Accusations de spéculation
Dans les périodes de tension économique ou de pénurie, les accusations de spéculation se multiplient. Des organisations de défense des consommateurs estiment que certains importateurs profitent de la situation pour augmenter leurs marges au-delà du raisonnable.
Les autorités gabonaises ont parfois annoncé des mesures de contrôle des prix sur certains produits de base. Des opérations de vérification sont menées dans les commerces pour s’assurer du respect des tarifs homologués. Mais l’application effective de ces mesures reste un défi.
Certains observateurs évoquent également un manque de transparence dans la formation des prix. Les contrats d’importation, les coûts réels et les marges ne sont pas toujours rendus publics, alimentant les soupçons.
Une responsabilité partagée
Attribuer la cherté de la vie aux seuls importateurs serait toutefois réducteur. Le modèle économique du Gabon repose largement sur l’exportation de matières premières, notamment le pétrole, et sur l’importation de biens de consommation.
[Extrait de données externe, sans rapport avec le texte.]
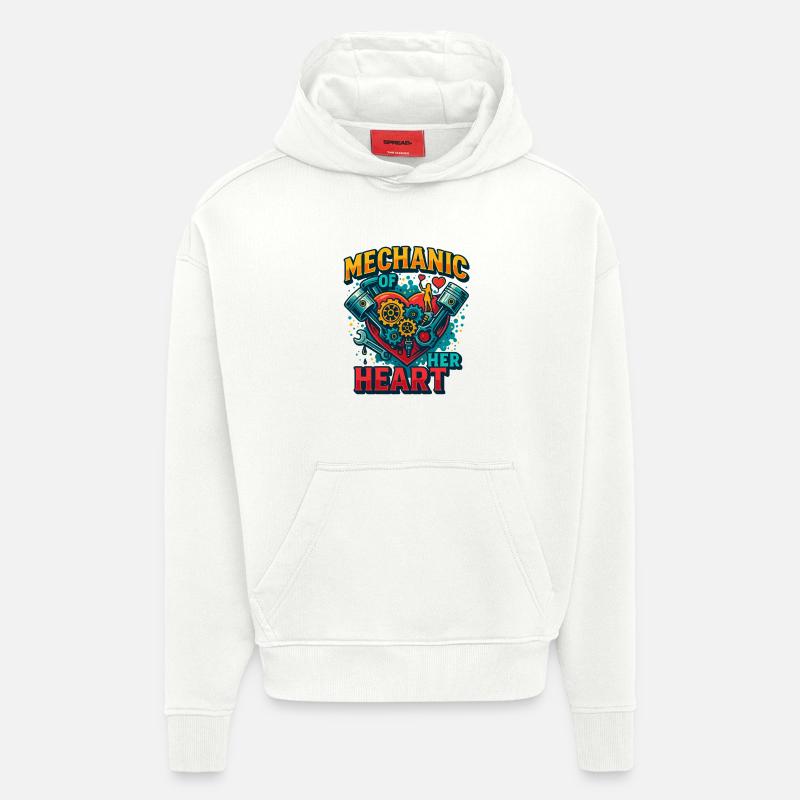 Cœur mécanicien de la Saint-Valentin, tournevis de l’amour - Sweat à capuche bio épais oversize fabriqué en UE - OFF WHITE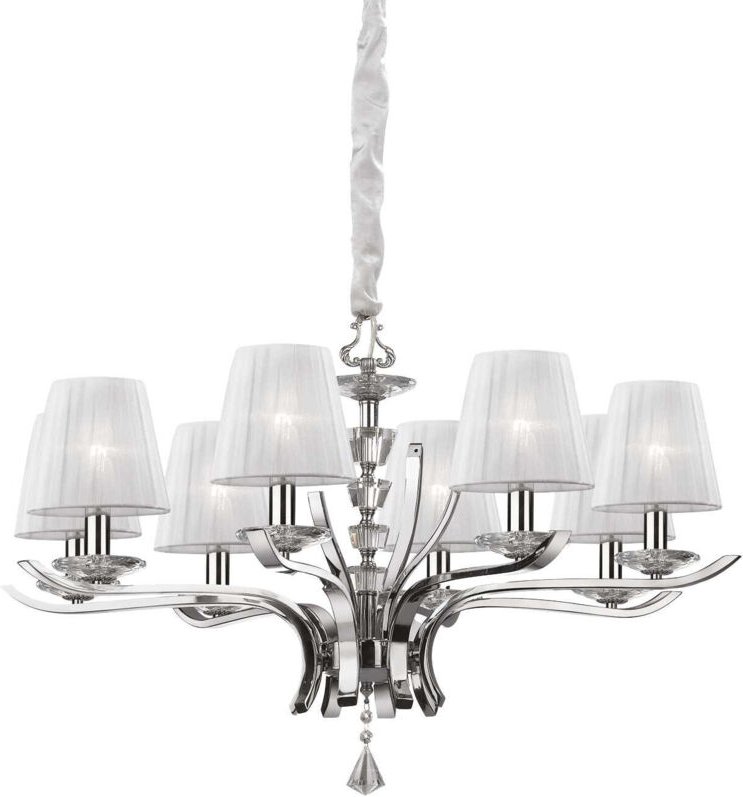 Thumbnail - Ideal Lux - Pegaso - 8 Light Crystal Multi Arm Kronleuchter Chrom, Weiß, E14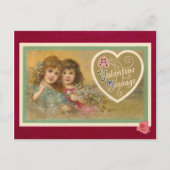 ビクトリアン時代のバレンタインメッセージ 2人の少女 ポストカード (正面)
Le faible développement du secteur agricole local limite les alternatives. Tant que la production nationale de riz, de volaille ou de produits transformés restera marginale, la dépendance à l’import-export demeurera forte.
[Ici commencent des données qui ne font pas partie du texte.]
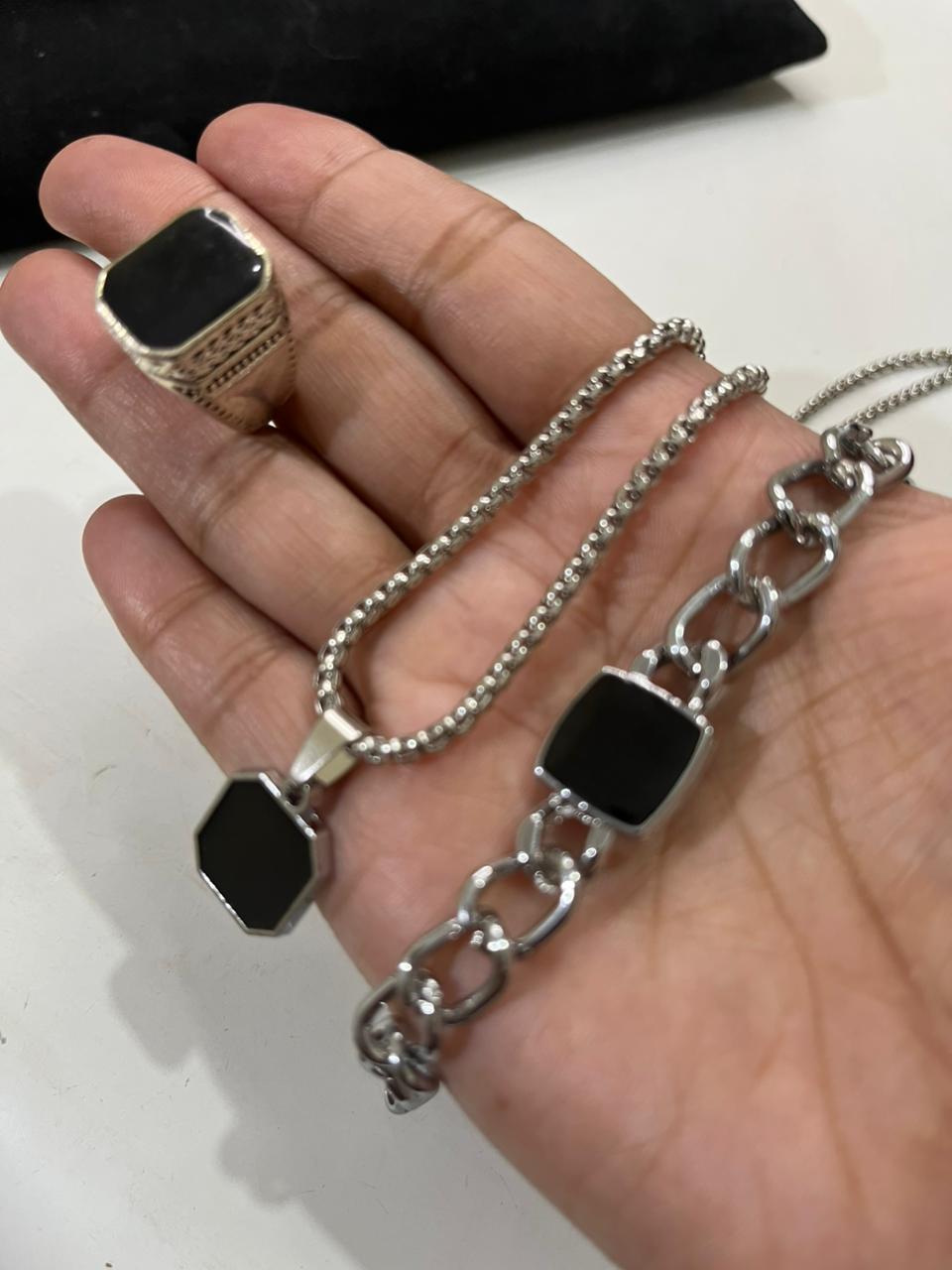 New Classic Men's Necklace Jewelry Set  Top Fashion High Quality Stainless Steel Black Square Stone Necklace +Cuban Link Chain Bracelet +Black Stone Ring For Men /Boys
Les économistes soulignent que la solution passe par une diversification de l’économie, un soutien accru à l’agriculture locale et une amélioration de la concurrence dans le secteur de la distribution.
Entre régulation et marché libre
Le débat oppose souvent partisans d’un encadrement strict des prix et défenseurs du libre marché. Les premiers réclament un contrôle plus ferme des marges et une surveillance accrue des importateurs. Les seconds estiment qu’une concurrence accrue et une baisse des barrières logistiques permettraient de faire baisser les prix naturellement.
Dans les faits, les importateurs et fournisseurs de produits de première nécessité au Gabon occupent une position stratégique. Ils ne sont pas les seuls responsables de la cherté de la vie, mais leur influence sur la chaîne d’approvisionnement est déterminante.
Pour les ménages gabonais, la question reste concrète. Comment remplir le panier de courses sans voir leur budget exploser ? Tant que la structure économique du pays restera fortement tournée vers l’importation, le rôle des acteurs de l’import-export continuera d’être au cœur du débat sur le coût de la vie.